Biographical details
- Born: February 7, 1883 Milford, Delaware, U.S.
- Died: May 24, 1963 (aged 80) Fort Pierce, Florida, U.S.

Playing career

Football
- c. 1905: Springfield Training School

Baseball
- c. 1905: Springfield Training School

Ice hockey
- c. 1905: Springfield Training School

Coaching career (HC unless noted)

Football
- 1912–1926: Nichols School (NY)
- 1917–1920: Hamilton

Ice hockey
- 1918–1943: Hamilton
- 1943–1944: Colgate

Administrative career (AD unless noted)
- 1912–1917: Nichols School (NY)
- 1917–1946: Hamilton
- 1946–1949: Sampson College

Head coaching record
- Overall: 11–10–3 (college football) 141–80–7 (college ice hockey)

= Albert I. Prettyman =

Albert Ira Prettyman (February 7, 1883 – May 24, 1963) was an American sports coach, athletics administrator, and educator.
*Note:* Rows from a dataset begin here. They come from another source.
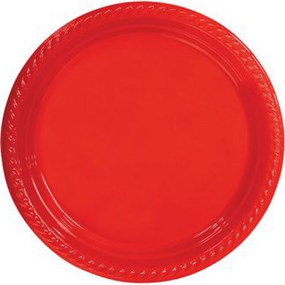 Yuvarlak Plastik Kırmızı Tabak 5 Adet  22 cm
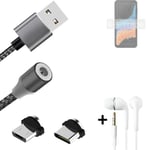 Magnetic charging cable + earphones for Samsung Galaxy XCover6 Pro + USB type C 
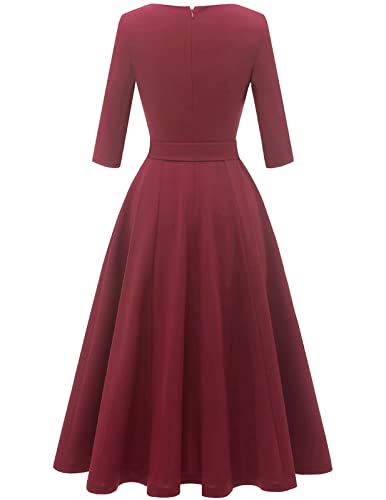 Dresstells Vintage Tea Dress For Women, 1950S Cocktail Party Dresses, Modest Bridesmaid Dress For Wedding Guest, 3/4 Sleeve Formal Aline Church Dress, Fit Flare Prom Dress Raspberry L #TOP2
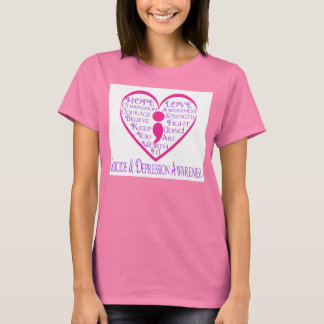 Camiseta Coração SemiColon para Sensibilização para Suicídi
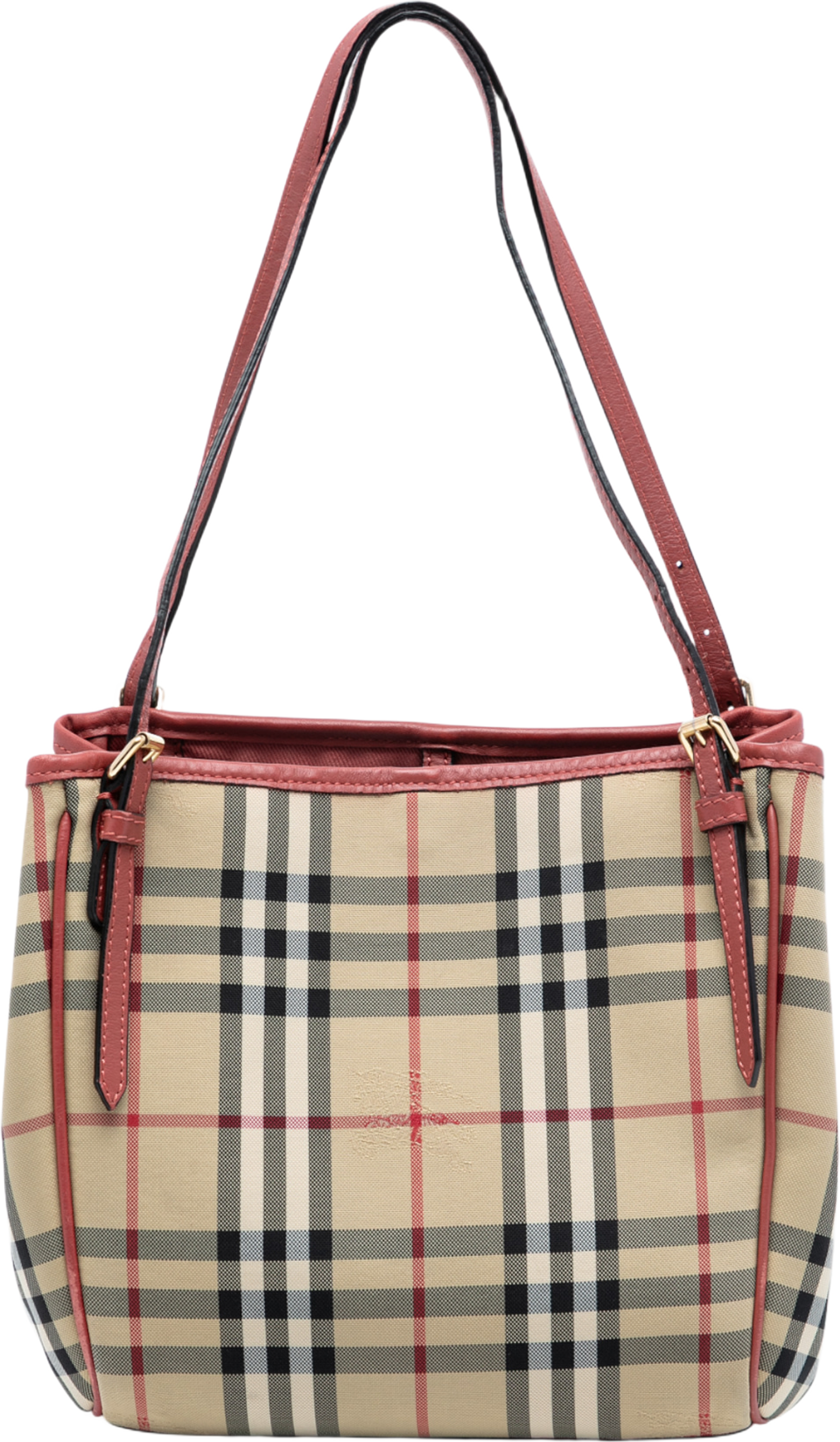 Burberry Small Haymarket Check Canvas Canterbury Tote, från Luxclusif, i färgen beige. Klicka för att öppna bilden i stort format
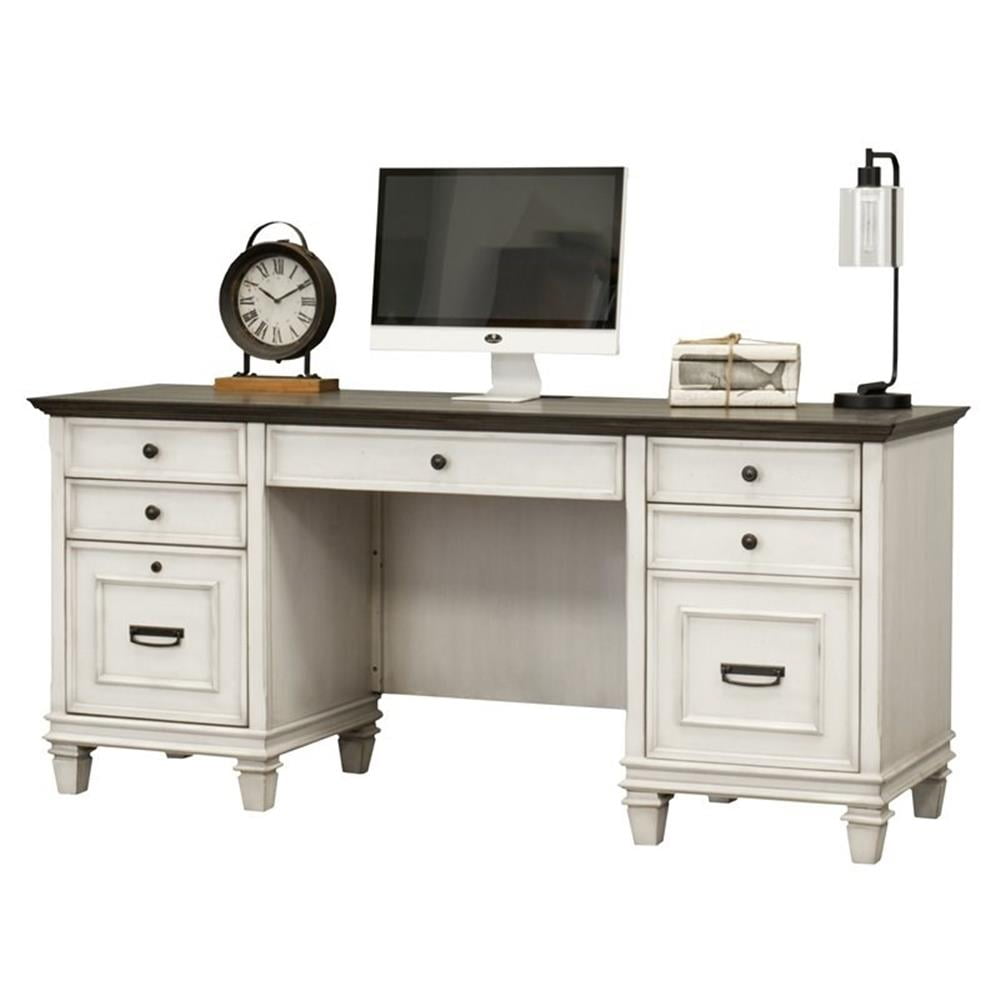 Pemberly Row Contemporary White Wood Double Pedestal Desk Executive Desk
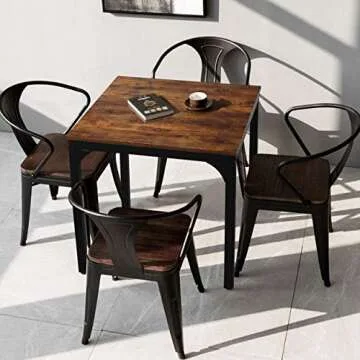 MUPATER Square Industrial Kitchen Dining Table, Desk for Small Spaces with Stable Metal Sturdy Construction, 27.6''W x 27.6''L x 29.5''H, Rustic Brown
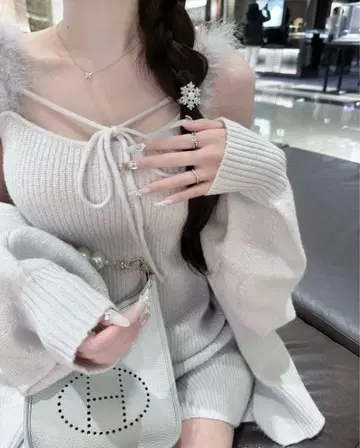 루미뇽 feather ribbon op + cardigan 블루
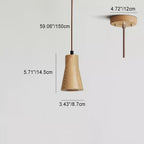 Lampada a Sospensione Piccola Cilindrica in Legno Semplice con 1 Luce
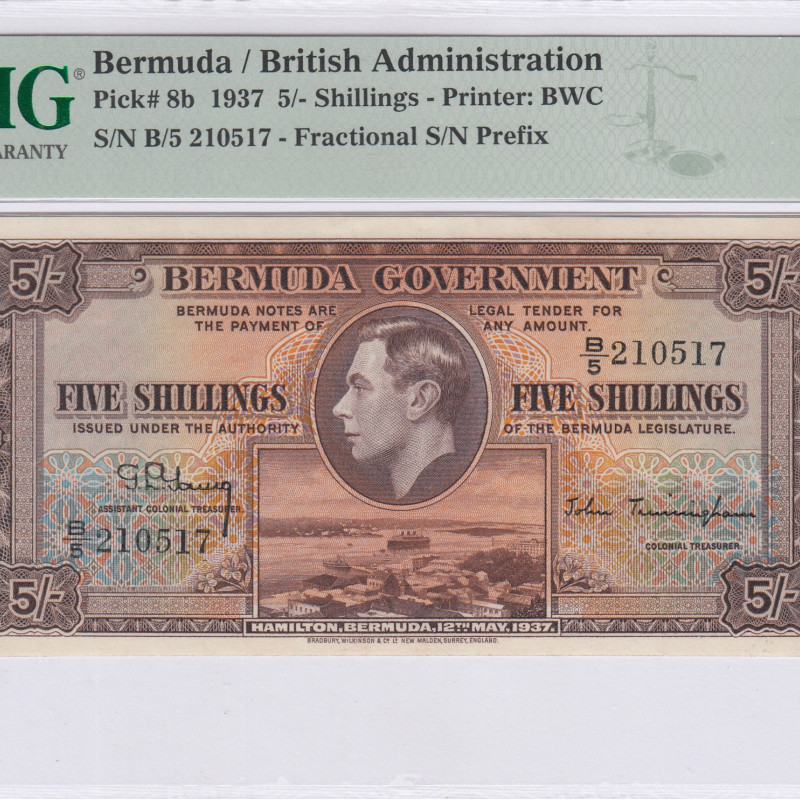 Bermuda 5/- Shillings 1937 P8b PMG66 EPQ Bermuda 5/- Shillings 1937 P8b PMG66 EPQ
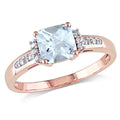 10kt Rose Gold Aquamarine and Diamond Accent Cocktail Ring H83714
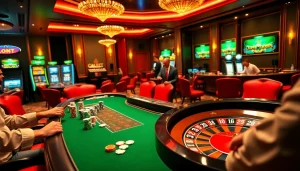 Action-packed poker game at LC88 Casino, showcasing vibrant chips and an exciting roulette wheel.
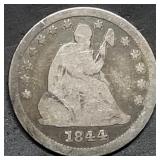1844-O Seated Liberty Silver Quarter Nice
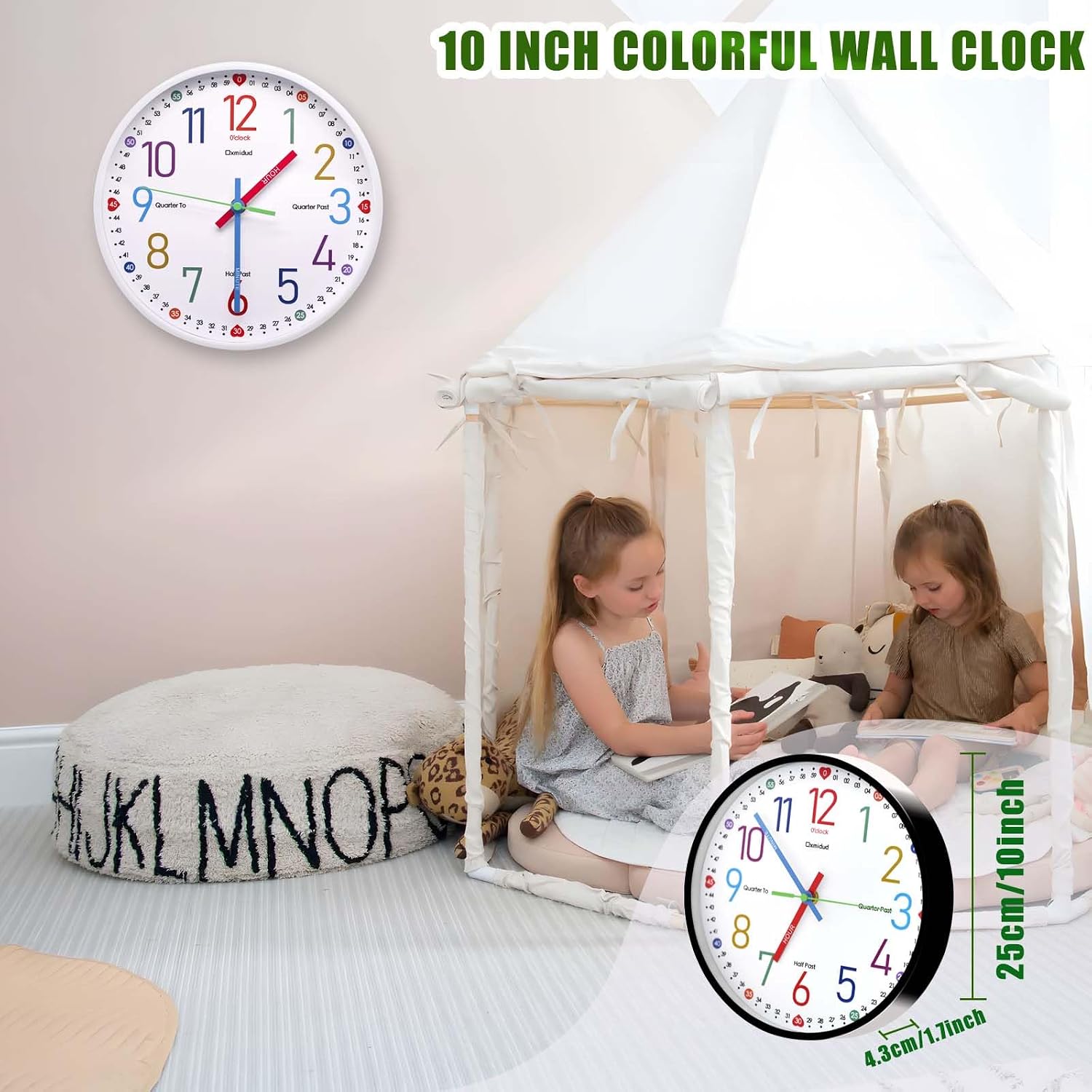 Learning Clock for Kids, 10'' Silent Non-Ticking Teaching to Tell Time Colorful Wall Clocks for Children's Room Bedroom Classroom Home Decor, Gifts for Christmas Birthday (Black)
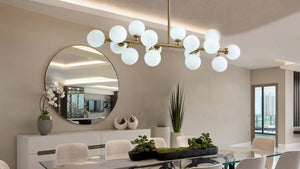 Large Modern 16 White Glass Sputnik Chandelier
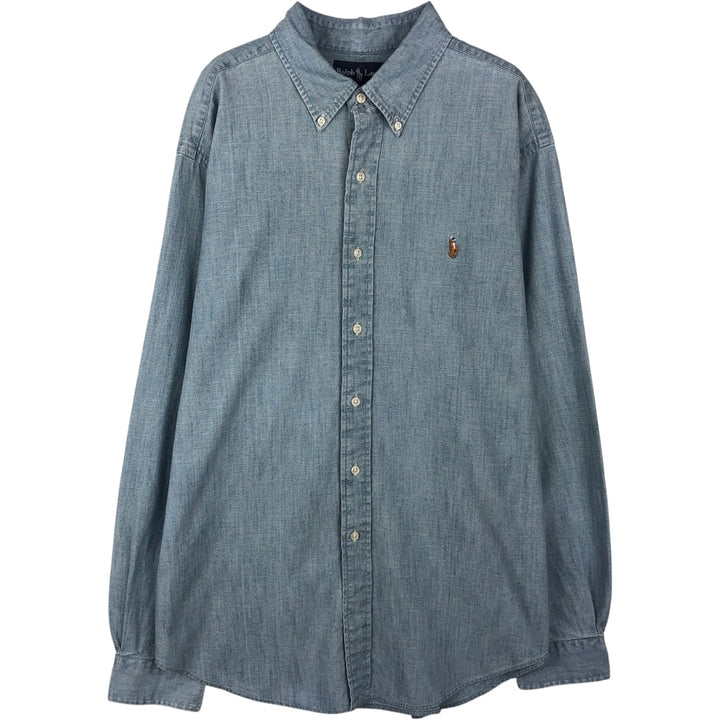 Ralph Lauren Classic Fit Long Sleeve Button Down Shirt Men's XL cotton Blue type light blue Vintage Second Hand
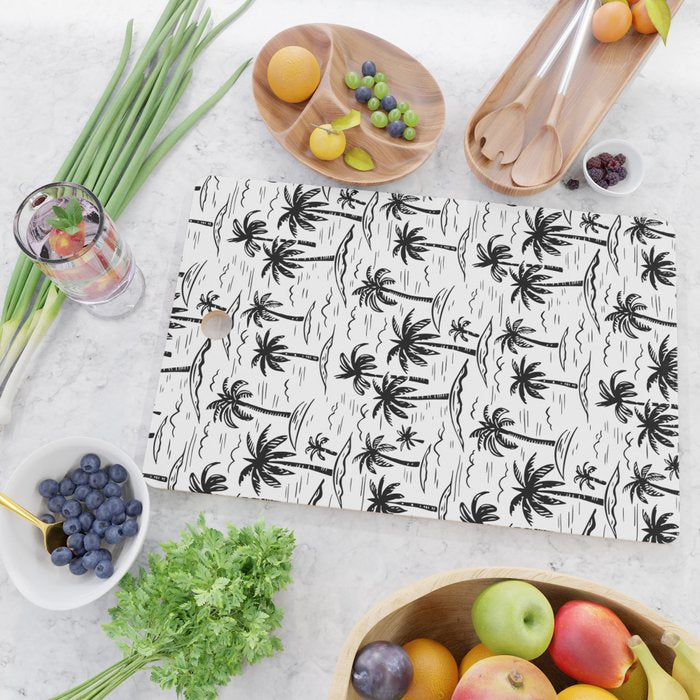Black and white palm tree beach doodle pattern Cutting Board Gallery Image 2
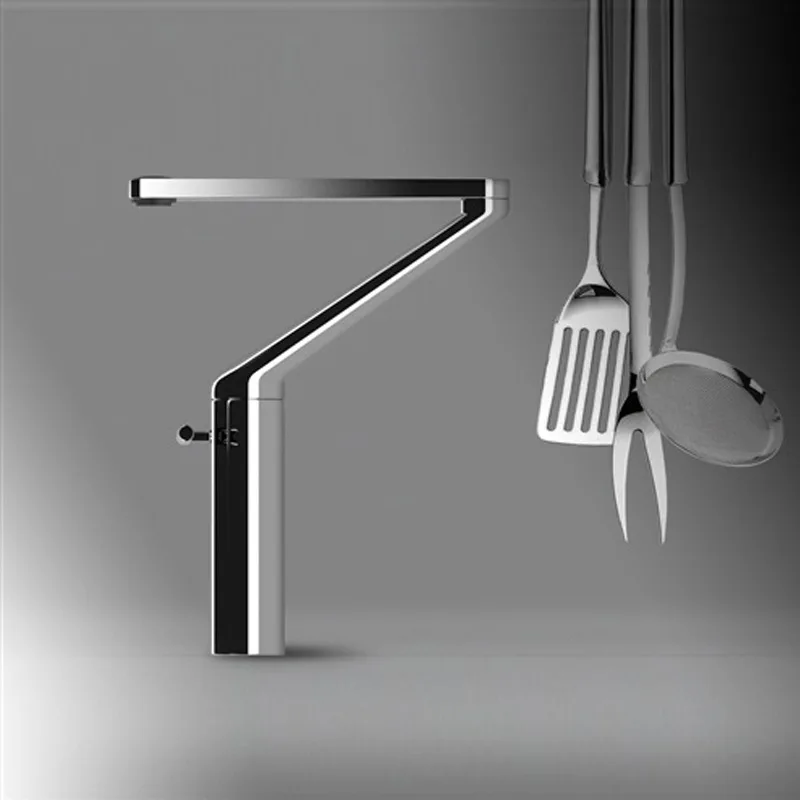 

High-end Art High-quality Copper Seven Words Adjustable Single-hole Mixer Basin Faucet Manufacturer Wholesale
During his career, he coached many sports, including football, basketball, baseball, and track and field, but the majority of his work was in ice hockey. He spent most of his career at Hamilton College, where he served as athletic director from 1917 to 1946, head football coached from 1917 to 1920, and head ice hockey coach from 1918 to 1943. Prettyman also coached the United States ice hockey team at the 1936 Winter Olympics, which won the bronze medal. Prettyman was a member of two Olympic Committees and the founder, and lasting member of, the National Collegiate Athletic Association's Hockey Rules Committee. When Prettyman died, the American Hockey Coaches Association called him "the father of college hockey."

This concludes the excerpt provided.